With Glock, a 40 such as the 23 will except the Glock 32 barrel (357sig) and I'm sure other models will do the same. Only the barrel needs to be changed. I don't know about 9mm though. Never check that.


----------



## desertman (Aug 29, 2013)

Newbie62:


> With Glock, a 40 such as the 23 will except the Glock 32 barrel (357sig) and I'm sure other models will do the same. Only the barrel needs to be changed. I don't know about 9mm though. Never check that."
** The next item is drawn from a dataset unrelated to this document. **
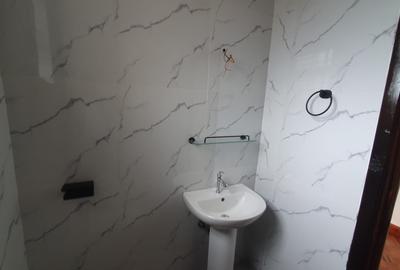 4 Bed House with En Suite in Karen - 2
I don't believe that with the "nines" you can convert to .40 or .357 SIG without using a completely new slide assembly. As the hole in the slide for the barrel is smaller in diameter and will not accept the larger diameter .40 and .357 SIG barrels. Just the opposite is true for the guns initially designed for the .40/.357 SIG because *aftermarket* barrels for the .9mm are thicker and made to work with those slides. Therefore you are better off buying the .40 or .357 SIG from the beginning if you want to have multiple calibers from the same gun. You might however need to get .9mm magazines in addition to the barrel. I was surprised to find that other than the round count, the .9mm magazines for my CZ P-01 and CZ 75 B Compact also work for my CZ 40 P .40, but the .40 magazines will not work with the "nines", apparently the feed lips are slightly wider on the .40 mags and the .9mm cartridges pop out, but the slightly narrower feed lips of the .40 mags have no effect on the "nines". I don't know whether this is true for the Glock's or Sig's?


----------



## Glock Doctor (Mar 14, 2011)

I don't know what Glock Tech Support is telling people, now; but, 'back in the day' the factory used to recommend that in addition to swapping barrels you should, also, change the: SLB, and EDP spring, the extractor; (Something I would agree with; and, especially now that the much sloppier-fitting MIM extractors are being used.) and, if not the entire magazine, at least the magazine follower. 

Personally, even a 1 or 2% failure rate is much too high for me; and I would never consider using a conversion barrel on an EDC pistol. Another thing: if you carefully examine the primer strike patterns between both barrels it will be apparent that the primer strikes while using a conversion barrel are not as well-centered as with the original barrel. Does this mean anything? I don't know! (I guess it's OK for range use, though.) 

To directly answer your question: You can swap factory barrels between a 40 caliber Glock, and a 357 SIG caliber Glock without using a conversion barrel. (Stay with the same frame size.) In order to downsize to 9 x 19mm you will need to use a conversion barrel. What you do with the other components is up to you.


----------